Cloud Act, quel impact pour les utilisateurs de cloud ?

Temps de lecture estimé : 8 minute(s)

Une récente évolution juridique a déclenché l’excitation des juristes en raison de sa complexité et de ses conséquences potentiellement considérables : la loi dite « Cloud Act », promulguée par le président Trump le 23 mars 2018.

 

Alors, qu’est-ce que le Cloud Act et pourquoi devriez-vous vous en soucier ? C’est la question que je me suis posée lorsque j’ai rejoint OVH le 14 mai 2018. J’ai passé les 20 dernières années dans des entreprises de l’aérospatiale et de la défense : pour moi, un nuage est une chose que l’on traverse en avion. Apparemment, cela a un tout autre sens chez OVH, j’ai donc dû en apprendre davantage à ce sujet. Il s’avère qu’il ne s’agit même pas de « cloud », mais de « CLOUD », en majuscules, pour « Clarifying Lawful Overseas Use of Data ». Un avocat remarquera immédiatement deux mots-clés : « clarifying », ce qui implique que cette loi n’est pas censée être révolutionnaire, et « overseas », ce qui nous dit que le législateur américain légifère sur un point qui se passe en dehors du sol américain. En effet, le contexte général dans lequel se situe cette nouvelle loi est la recherche d’un équilibre entre la nécessité d’enquêter rapidement et efficacement sur les crimes graves et la protection des droits des individus, en particulier leur droit à la vie privée, précisément dans le cas où leurs données sont situées en dehors des États-Unis.

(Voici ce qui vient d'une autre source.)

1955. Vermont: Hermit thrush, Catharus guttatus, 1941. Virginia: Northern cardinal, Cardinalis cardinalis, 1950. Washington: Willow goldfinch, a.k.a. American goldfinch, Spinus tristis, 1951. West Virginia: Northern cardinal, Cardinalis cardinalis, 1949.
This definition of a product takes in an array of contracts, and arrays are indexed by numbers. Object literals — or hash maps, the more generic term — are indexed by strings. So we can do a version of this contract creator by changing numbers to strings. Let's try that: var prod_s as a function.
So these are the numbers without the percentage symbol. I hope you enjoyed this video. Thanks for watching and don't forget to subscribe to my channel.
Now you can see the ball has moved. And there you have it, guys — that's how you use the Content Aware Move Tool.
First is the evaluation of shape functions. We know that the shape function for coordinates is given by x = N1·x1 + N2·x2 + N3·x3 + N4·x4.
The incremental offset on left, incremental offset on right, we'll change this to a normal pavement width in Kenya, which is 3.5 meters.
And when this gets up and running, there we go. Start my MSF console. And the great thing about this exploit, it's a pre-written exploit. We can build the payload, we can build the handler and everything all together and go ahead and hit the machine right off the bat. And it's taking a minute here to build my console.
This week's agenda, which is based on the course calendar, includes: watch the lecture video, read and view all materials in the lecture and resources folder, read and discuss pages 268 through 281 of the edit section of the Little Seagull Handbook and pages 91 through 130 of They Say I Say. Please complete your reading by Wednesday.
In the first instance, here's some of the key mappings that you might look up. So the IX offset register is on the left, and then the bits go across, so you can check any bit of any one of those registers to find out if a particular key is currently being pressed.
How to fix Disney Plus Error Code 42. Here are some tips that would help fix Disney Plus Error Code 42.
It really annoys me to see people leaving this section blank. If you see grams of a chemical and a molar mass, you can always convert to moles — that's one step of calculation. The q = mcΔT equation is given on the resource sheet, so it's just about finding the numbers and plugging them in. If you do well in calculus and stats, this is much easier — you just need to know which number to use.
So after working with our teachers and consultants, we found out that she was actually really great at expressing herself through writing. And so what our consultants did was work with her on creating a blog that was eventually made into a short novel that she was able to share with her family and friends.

Le Cloud Act est très clairement conçu pour aider les autorités judiciaires (Law Enforcement Agencies) à accéder rapidement aux données détenues par les fournisseurs de messagerie / de stockage / de cloud (appelons-les « hébergeurs »), afin « d’assurer la sécurité publique et de lutter contre les crimes graves, incluant le terrorisme ». Dans la suite de cet article, nous devons nous rappeler que la loi se limite à cette portée tout à fait louable. Aux temps d’avant Internet, quand les forces de l’ordre voulaient des preuves, elles envoyaient des agents chez vous pour les obtenir et, si vous étiez en dehors des États-Unis, les autorités américaines n’avaient pas le droit d’entrer chez vous. À l’ère du cloud, les données situées hors des États-Unis sont également difficiles à obtenir. Les forces de l’ordre doivent s’appuyer sur des accords d’assistance mutuelle entre gouvernements, les MLATs (Mutual Legal Assistance Treaty). L’obtention d’un MLAT pour accéder à des données à l’étranger peut prendre jusqu’à 10 mois, ce qui ralentit considérablement une enquête pénale. Le Congrès a donc adopté le Cloud Act pour accélérer les choses.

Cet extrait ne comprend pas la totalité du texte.